The
results are in. The Leaves have carried the day. The deal isn’t done, of
course. A referendum in the United Kingdom is only advisory. Final action, if any,
to extirpate their nation from the European Union will only come when
Parliament has voted.
Still,
a referendum in a nation like the UK with an ancient democratic tradition,
means a lot.
How did
it happen? For the United Kingdom to exit the European Union is about like
Texas and California walking out of the United States. What made them do it?
Whatever
the economic and political advantages enjoyed as a member of the European
Union, there were a couple of disadvantages that weighed heavily on the British
people. Bureaucracy and immigration. They didn’t like the multiplicity of
regulations that were coming out of Brussels. And they really didn’t like the
swelling mass of immigrants disembarking from every train that arrived through
the Chunnel.
Those
immigrants were almost exclusively Muslims. Whatever the humanitarian
motivation for receiving and harboring homeless, rootless, needy human beings,
the fact has been that the Muslim birth rate in England has out paced native
reproduction by a ratio of more than five to one.
Adding
offspring to the surge of Muslim immigrants, the followers of Islam now
represent the second largest religious minority in the nation.
Not
only is the ratio of Muslims growing exponentially, but their disposition to
settle in racially hospitable neighborhoods, has begun to create the phenomenon
known as “no go” communities, where Sharia law is observed and enforced, so
common in France and other countries.
The
proportion of Muslims to the general population in the UK is just five percent,
but there are three towns in which their ratio exceeds 40% and two more where
the ratio is more than 25%.
Whether
retreat from the EU will extricate the Brits from the influx of Muslims only
time will tell. But the fact is that a united and explicit public policy will
be needed to stem the tide.
Donald
Trump, of course, has jumped on the Brexit vote as evidence that his restrictive
immigration policies resonate with the working class.
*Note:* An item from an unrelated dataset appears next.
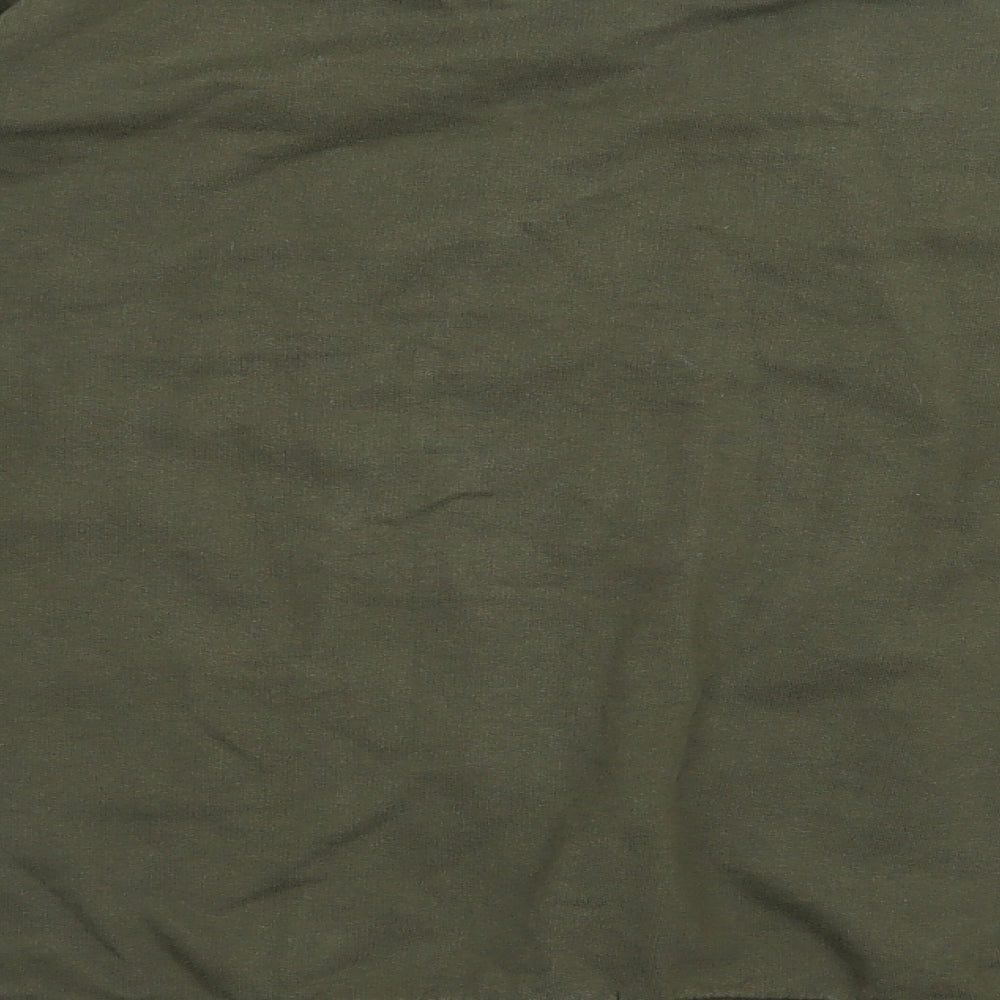 pep&co Mens Green  Cotton Pullover Sweatshirt Size XL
No doubt they do. Still,
the Muslim population in the United States is only one percent, just a fifth of
Britain’s.
But the
herd instinct of Muslims has generated some very identifiable communities in
our country. Among the most widely known is Dearborn, a suburb of Detroit with
a 40% Muslim population in a town of just less than 100,000.
Less
noticed, but more dramatic, is the Detroit enclave of Hamtramck, a town of
22,000 with a Muslim majority, both in population and on the city council.
The two
square mile residential community, once an almost exclusively Polish town, is
now dominated by four Mosques whose bells call the faithful to prayers just
before dawn, at midday, afternoon, sunset and nighttime.
I first
noticed the Hamtramck metamorphous when I read that Hamtramck High School found
it necessary to host an all-girl’s senior prom, in deference to the fact that
Muslim girls are not permitted to dance with boys.
Whether
the Muslim majority on the Hamtramck city council will be disposed to enact
Sharia inspired regulations, only time will tell. I suspect that Hamtramck will
not be a friendly place to open a gay bar, an abortion clinic or a liquor store.
What
concerns me more is whether Hamtramck will become a hotbed of Jihadist
recruiting. rivaling Minneapolis and Saint Paul as an American center of ISIS
harvesting.
I came
to maturity campaigning in Detroit. I learned a few Polish phrases to endear
myself to the voters in Saint Hedwig’s and Saint Cunagunda parishes. I showed
them my Kelly green vest and told them that after voting for Judge Stanczyk
they should vote for the Irishman, because we are Catholics, too.
I have
no doubt that Muslims vote for Muslims. The important question is whether,
being elected, they will put their duty to the Constitution of the United
States ahead of the arcane mandates of the Quran.